Captioned web image data:
___
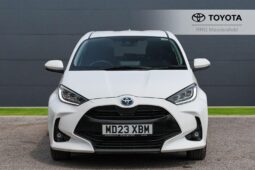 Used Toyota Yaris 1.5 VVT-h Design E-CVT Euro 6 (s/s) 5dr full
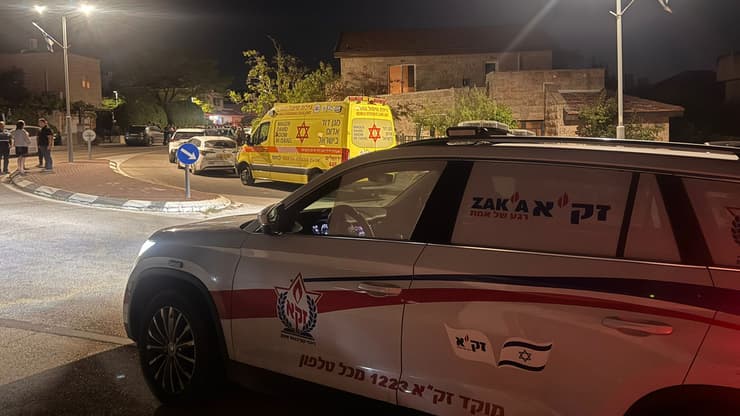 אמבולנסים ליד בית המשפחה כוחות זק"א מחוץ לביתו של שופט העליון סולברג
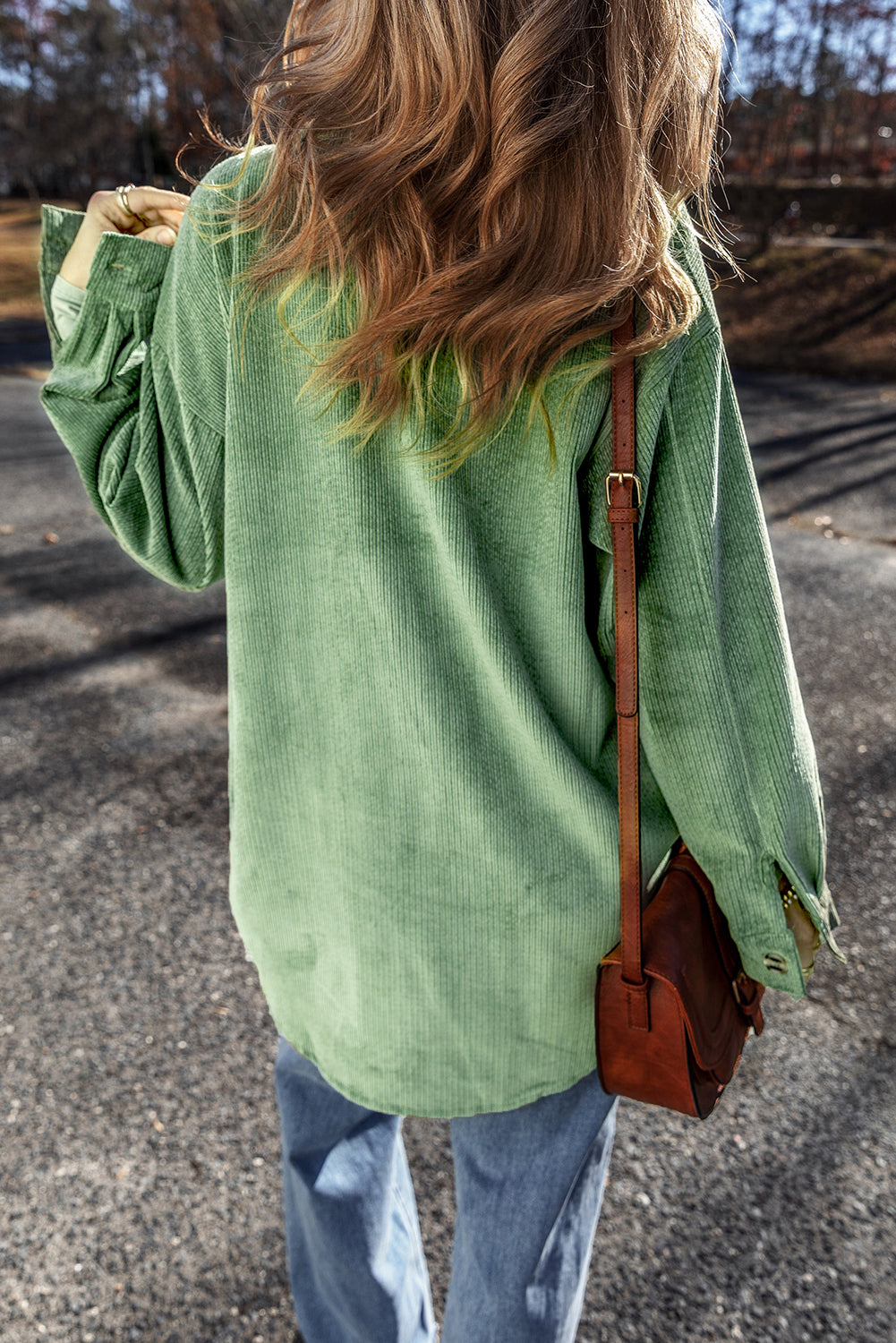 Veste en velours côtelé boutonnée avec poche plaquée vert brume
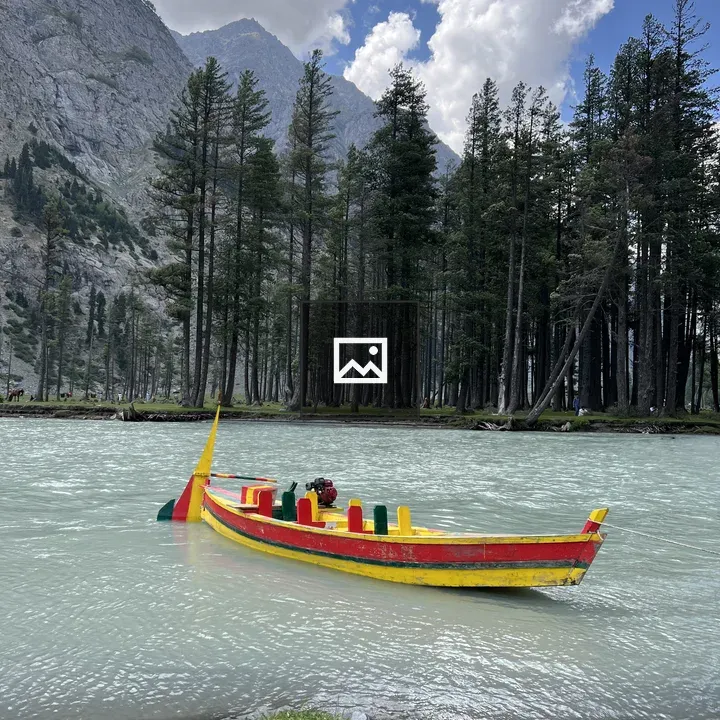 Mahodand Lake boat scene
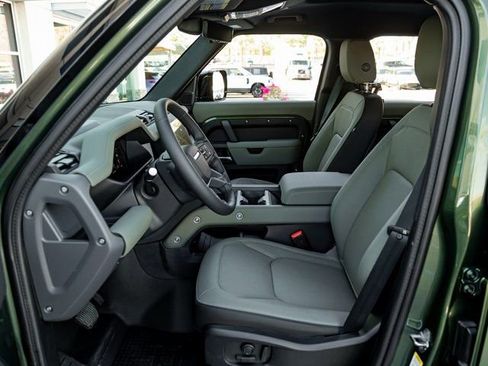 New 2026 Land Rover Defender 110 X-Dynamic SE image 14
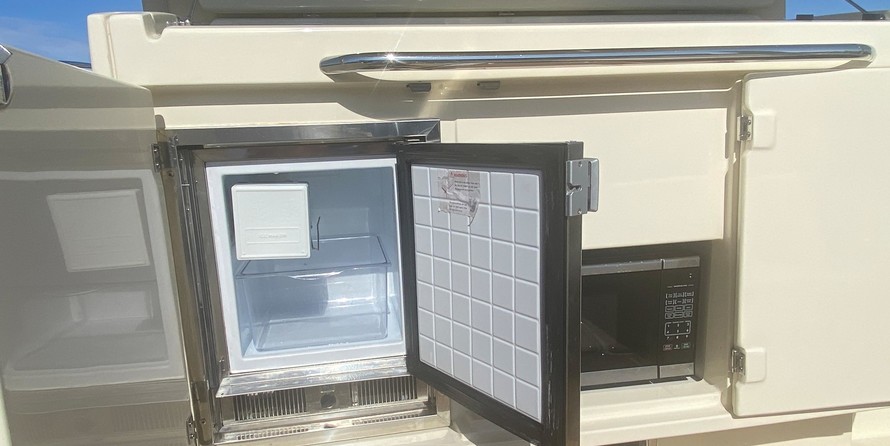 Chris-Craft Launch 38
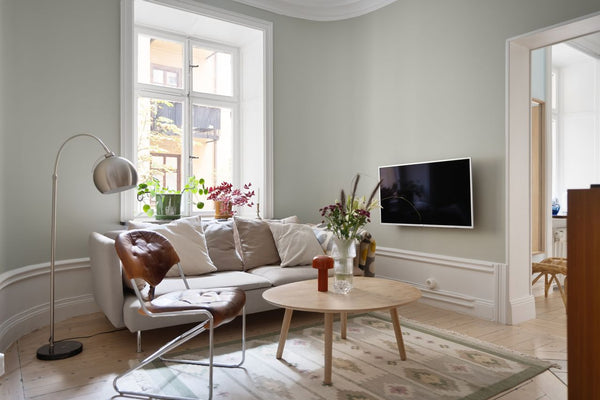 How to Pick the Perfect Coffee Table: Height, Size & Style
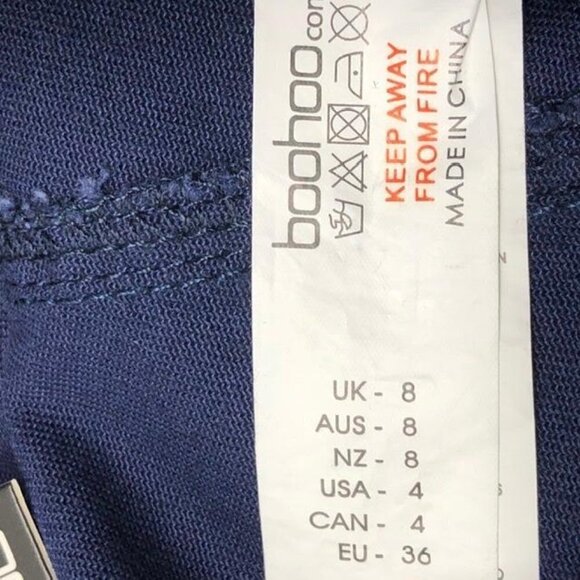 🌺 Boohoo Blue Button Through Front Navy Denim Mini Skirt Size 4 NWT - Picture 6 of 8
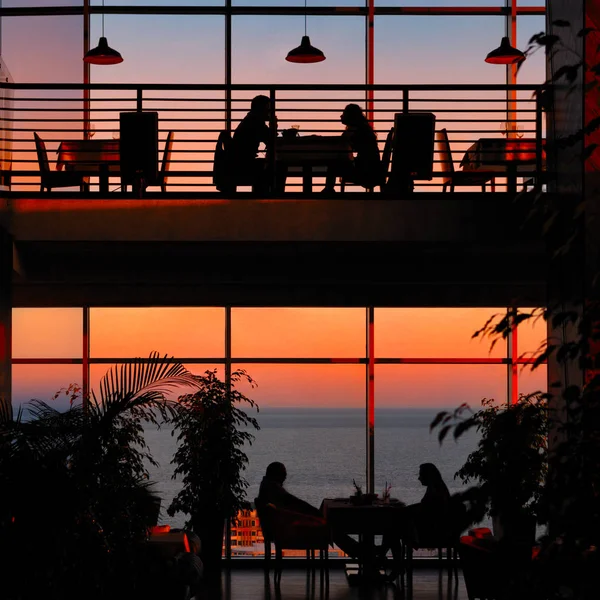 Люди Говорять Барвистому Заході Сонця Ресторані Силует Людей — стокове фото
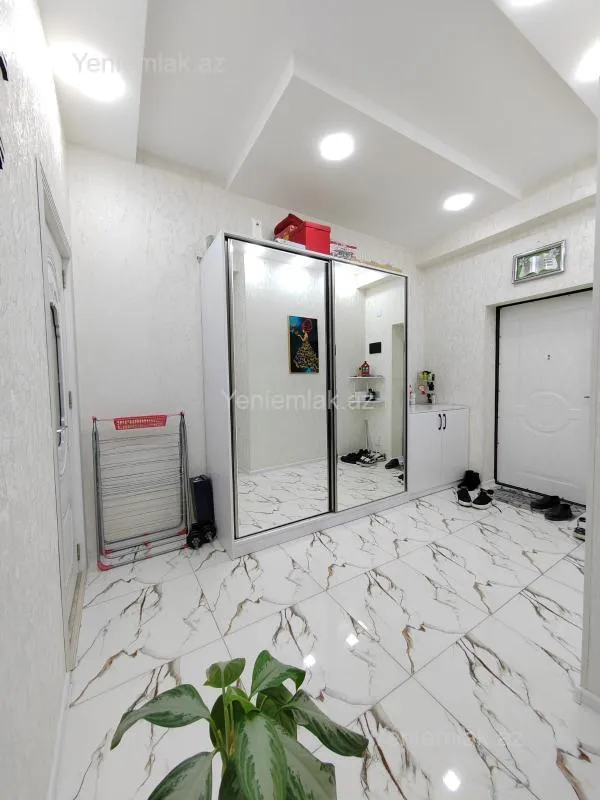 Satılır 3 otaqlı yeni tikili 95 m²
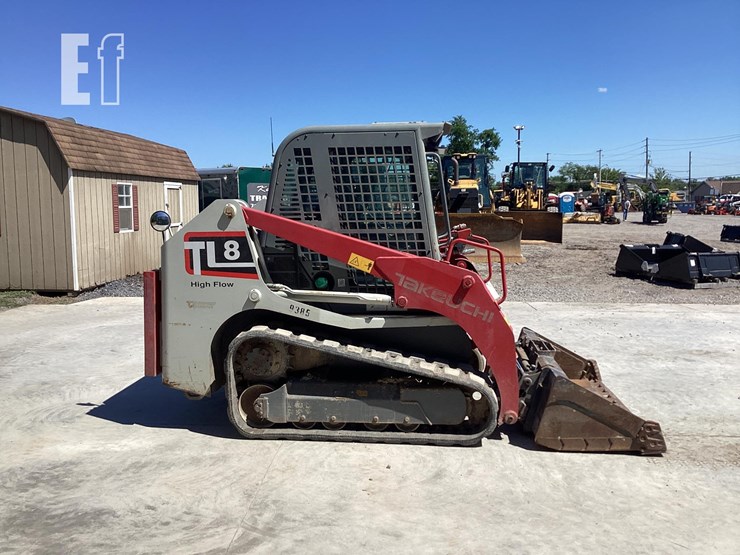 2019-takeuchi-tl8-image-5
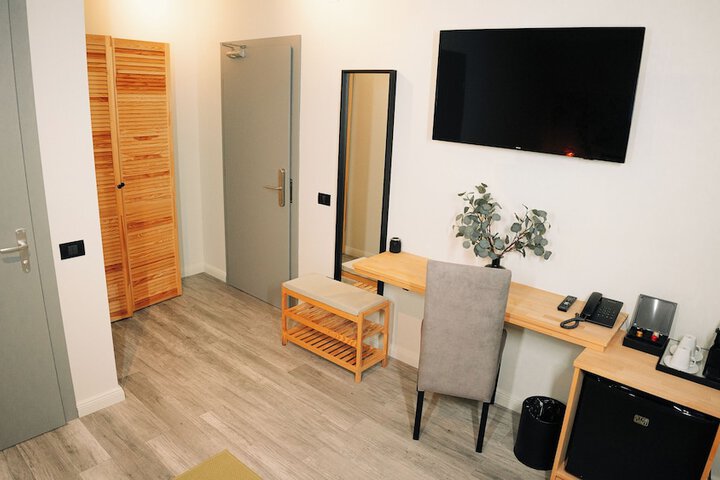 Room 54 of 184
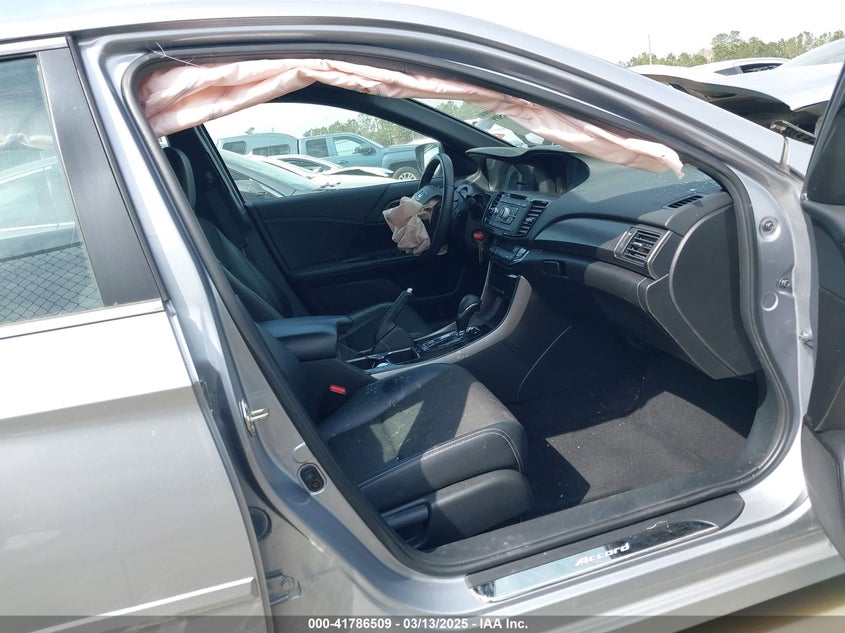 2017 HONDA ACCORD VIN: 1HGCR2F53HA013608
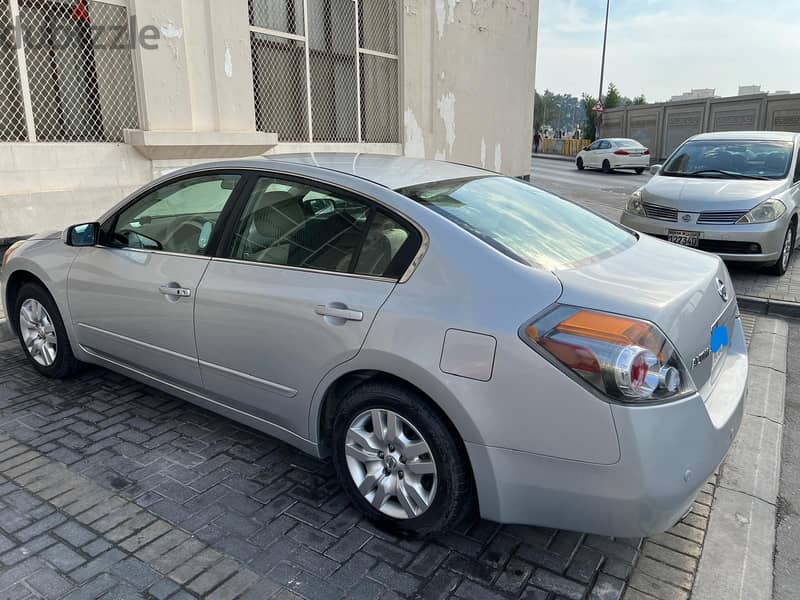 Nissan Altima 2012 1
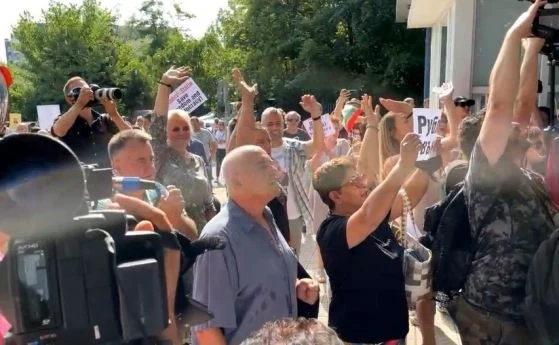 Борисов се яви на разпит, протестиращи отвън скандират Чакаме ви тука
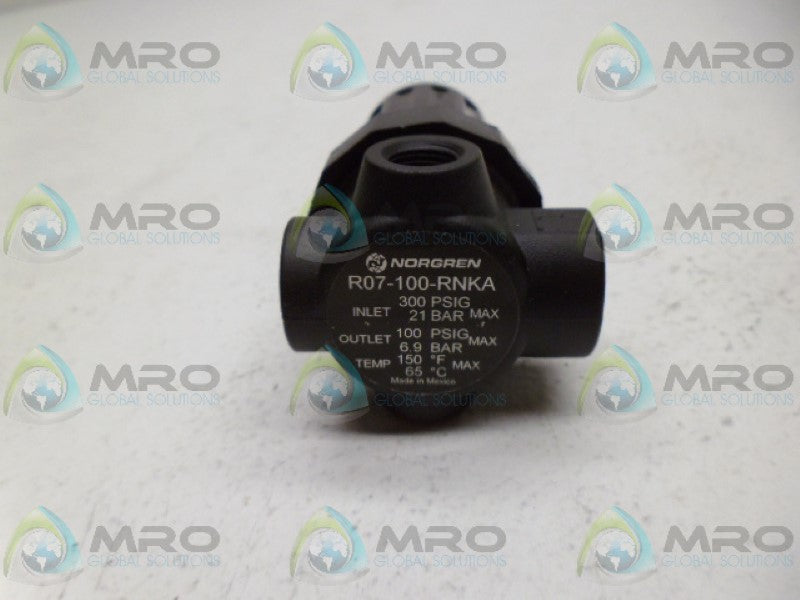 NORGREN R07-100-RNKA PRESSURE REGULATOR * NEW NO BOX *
___
(AIM OF THE TASK)
With the pictures omitted, the records above are to be repeated exactly.

(PROBLEM SOLUTION)
 Used Toyota Yaris 1.5 VVT-h Design E-CVT Euro 6 (s/s) 5dr full
 אמבולנסים ליד בית המשפחה כוחות זק"א מחוץ לביתו של שופט העליון סולברג
 Veste en velours côtelé boutonnée avec poche plaquée vert brume
 Mahodand Lake boat scene
 New 2026 Land Rover Defender 110 X-Dynamic SE image 14
 Chris-Craft Launch 38
 How to Pick the Perfect Coffee Table: Height, Size & Style
 🌺 Boohoo Blue Button Through Front Navy Denim Mini Skirt Size 4 NWT - Picture 6 of 8
 Люди Говорять Барвистому Заході Сонця Ресторані Силует Людей — стокове фото
 Satılır 3 otaqlı yeni tikili 95 m²
 2019-takeuchi-tl8-image-5
 Room 54 of 184
 2017 HONDA ACCORD VIN: 1HGCR2F53HA013608
 Nissan Altima 2012 1
 Борисов се яви на разпит, протестиращи отвън скандират Чакаме ви тука
 NORGREN R07-100-RNKA PRESSURE REGULATOR * NEW NO BOX *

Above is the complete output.